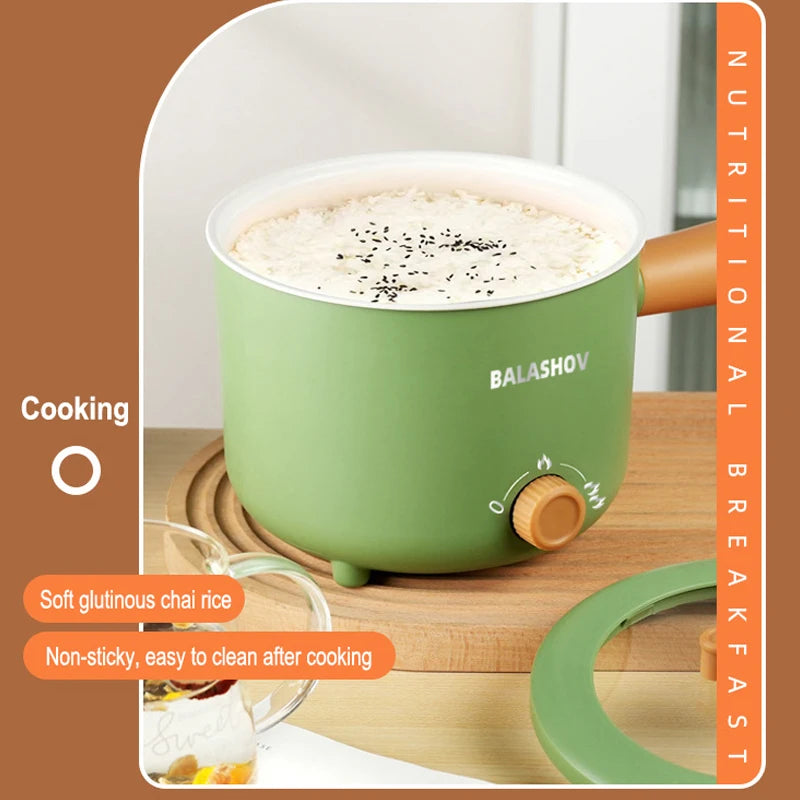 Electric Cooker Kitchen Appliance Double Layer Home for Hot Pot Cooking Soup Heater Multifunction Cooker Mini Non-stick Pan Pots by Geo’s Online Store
...
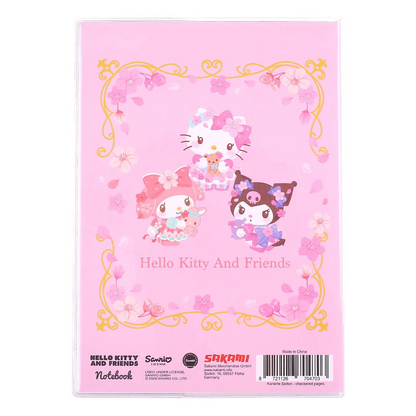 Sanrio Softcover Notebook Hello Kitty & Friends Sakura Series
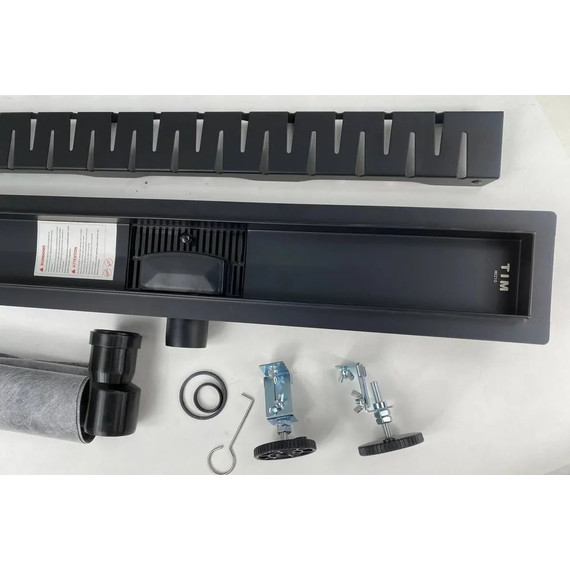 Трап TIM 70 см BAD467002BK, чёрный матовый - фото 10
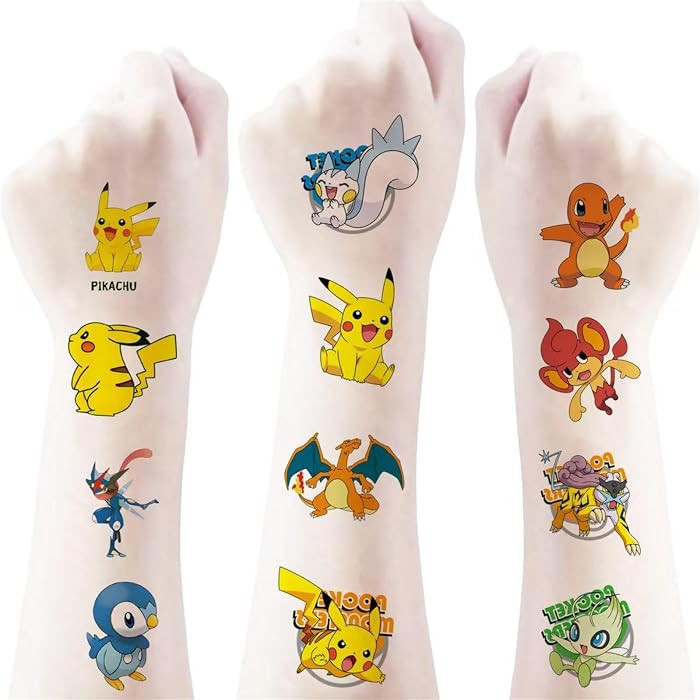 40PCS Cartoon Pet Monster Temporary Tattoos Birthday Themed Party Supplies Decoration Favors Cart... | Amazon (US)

Required work
With the pictures left out, write out exactly the lines above from the one containing "Sanrio Softcover Notebook" through the one containing "40PCS Cartoon Pet".

Answer to this problem
 Sanrio Softcover Notebook Hello Kitty & Friends Sakura Series
 Трап TIM 70 см BAD467002BK, чёрный матовый - фото 10
 40PCS Cartoon Pet Monster Temporary Tattoos Birthday Themed Party Supplies Decoration Favors Cart... | Amazon (US)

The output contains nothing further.